In a statement released afterwards by his department, minister Patel was quoted as saying South Africa must rebuild its manufacturing strength to be able to fully benefit from the opportunities in the BRICS markets.

For the uninitiated BRICS, which is an acronym referring to the countries of Brazil, Russia, India, China and South Africa, is deemed to be a strategic partnership of like-minded nations en route to similar path of growth and economic development

Way too often the South Africa’s media gets bombarded by communiques from the government detailing its role and participation in BRICS forums.

Since 2010 South Africa has been a member of this potentially powerful select group of continental giants that plan to collectively solidify their influence in international organisations, institutions and markets alike.

Yet, truth be told, South Africa has evidently not derived much in its arsenal to prove its benefits of the exclusive BRICS membership a decade later.

I recently lamented South Africa’s apparent failure to procure COVID-19 vaccines from both China and Russia. South Africa’s neighbour to the north, Zimbabwe, has already received China’s Sinovac vaccine.

Countries in North and East Africa are utilising their relations with Russia and China and accessing their vaccines. China’s vaccines are being administered to tens of millions in China alone, and surely if they weren’t safe Beijing would never have authorized the jabs?

As for Russia’s Sputnik V, no less than 55 countries around the world have endorsed its use. President Vladimir Putin recently took it in public.
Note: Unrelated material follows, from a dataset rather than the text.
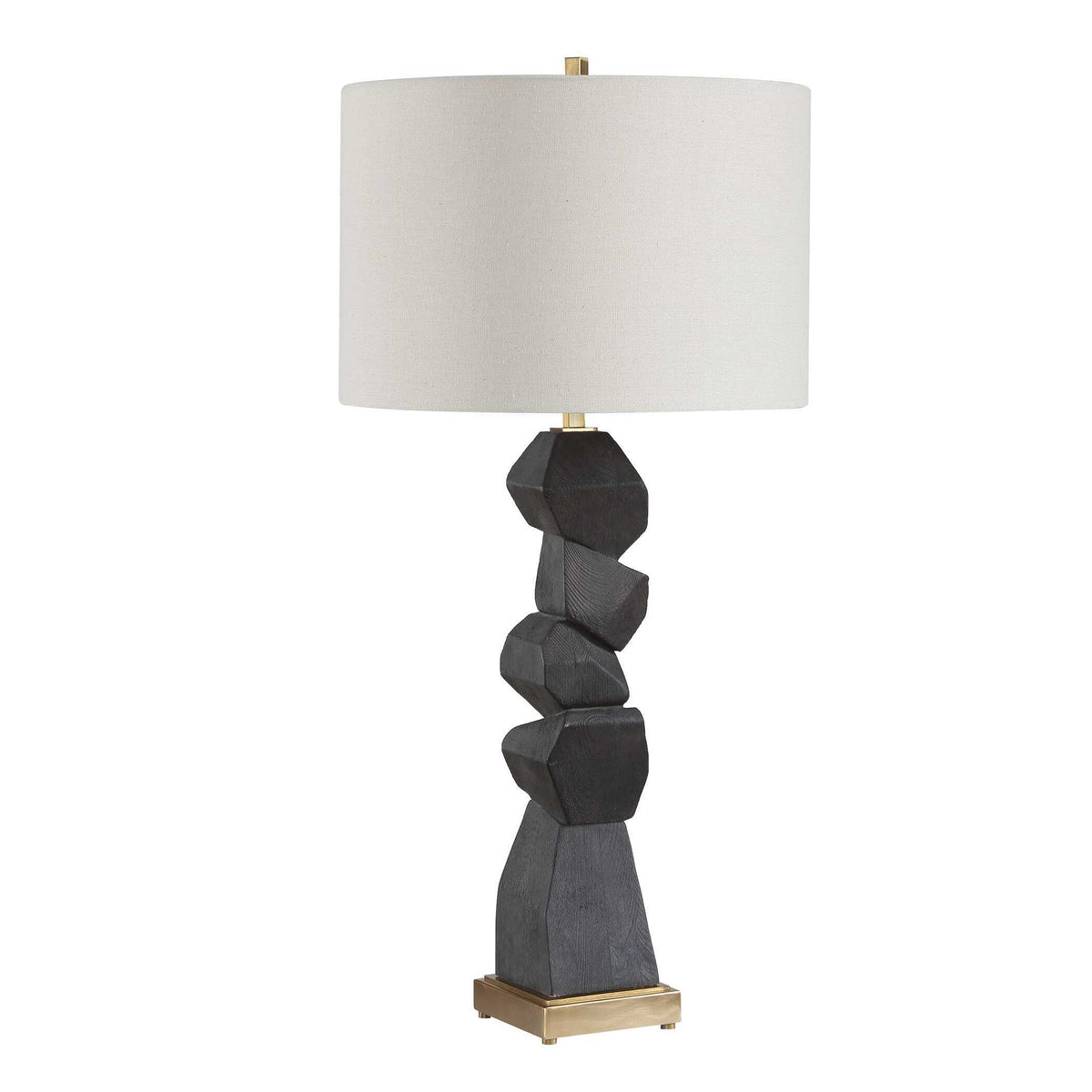 Demelo Stacked Wood Table Lamp - Black by Uttermost - View 4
Sadly, South Africa, a BRICS ally, is not among the 55. This is quite mind-boggling.

Elsewhere in the European Union, Germany is putting pressure on Brussels to purchase Sputnik V ahead of the much-anticipated regulatory approval.

Bavarian Prime Minister, Markus Soeder, has been one of the loudest eminent German public office bearers to call for a speedy approval of Sputnik V in his country. “We need to think more freely,” he was recently quoted as saying, indicating the presence of politics-at-play amid a bid to acquire the Russian vaccine.
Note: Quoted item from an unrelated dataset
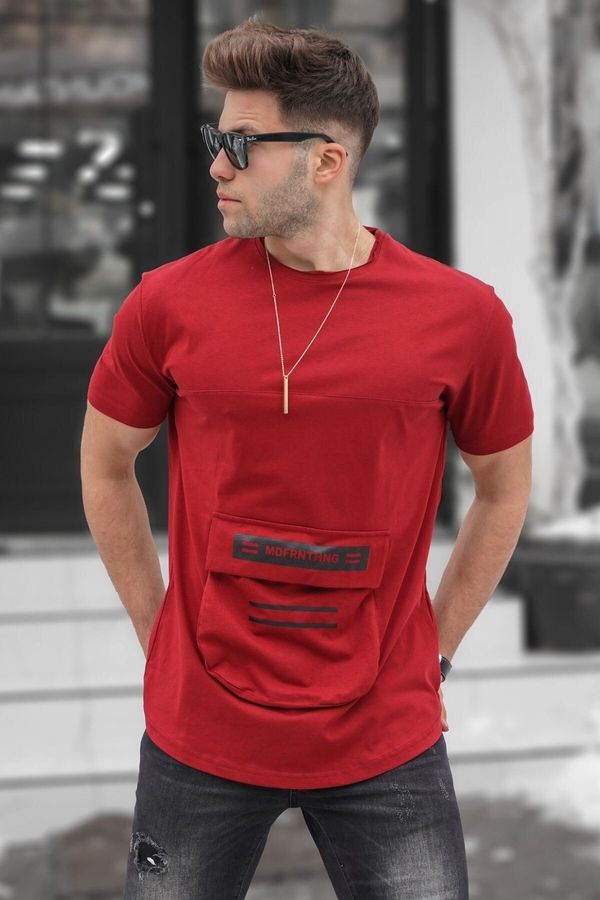 Madmext Madmext Printed Claret Red T-shirt 5359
Meanwhile, in Hungary, the country’s foreign minister recently became the first EU politician to take Sputnik V, live on camera.

Italy is set to become the first EU country to produce the Russian vaccine on home soil. The clamour for the Russian vaccine is ubiquitous, yet South Africa – in spite of the scarcity of the vaccines, and the global scramble for access, does not seem to be at Moscow’s or Beijing’s front queue. So much for BRICS allies!
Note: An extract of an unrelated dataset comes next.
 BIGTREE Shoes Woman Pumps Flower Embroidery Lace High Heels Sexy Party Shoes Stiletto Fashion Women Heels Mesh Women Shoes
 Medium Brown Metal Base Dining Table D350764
COVID-19 pandemic is a major threat to the entire human race. It is unwise, therefore, to play the usual Geo-politics with the beleaguered lives of innocent men, women and children.

This is a sad reality about our international world order today. Even as the world is faced with a common threat, sectarian politics nonetheless reign supreme. This regrettable reality was recently revealed in the annual report of the US Department of Health and Human Services.

The US government appear to have taken advantage of its cordial bilateral relations with Brazil to convince Brasilia to reject Sputnik V. Consider that this under-handedness happens in the wake of Brazil’s recorded over 280 000 COVID-19-related deaths.

Yet vaccinating the Brazilians with Sputnik V was seemingly viewed by Washington as a potentially unacceptable victory to Moscow.

The world had waited to bear witness to President Joe Biden ushering in his electioneering time promises of a new era of diplomatic fair-play, but it seems the more things change, the more they stay the same.

This is the kind of uncouth yet frantic diplomacy that is going on between the powerful countries and their weaker counterparts. The worst-case scenario and Heaven forbid, could be a threat of unilateral economic sanctions against countries that purchase either the Russian or Chinese vaccines.

This is a real imbalance that the UN needs to address and redress as a matter of utmost urgency. Unilateralism must never triumph over multilateralism, otherwise what is the use of having international organisations in the 21st century?

The world does not need any weaponisation of COVID-19 vaccines; instead, it needs a compassionate protection of lives by those their electorates have trusted to put in office.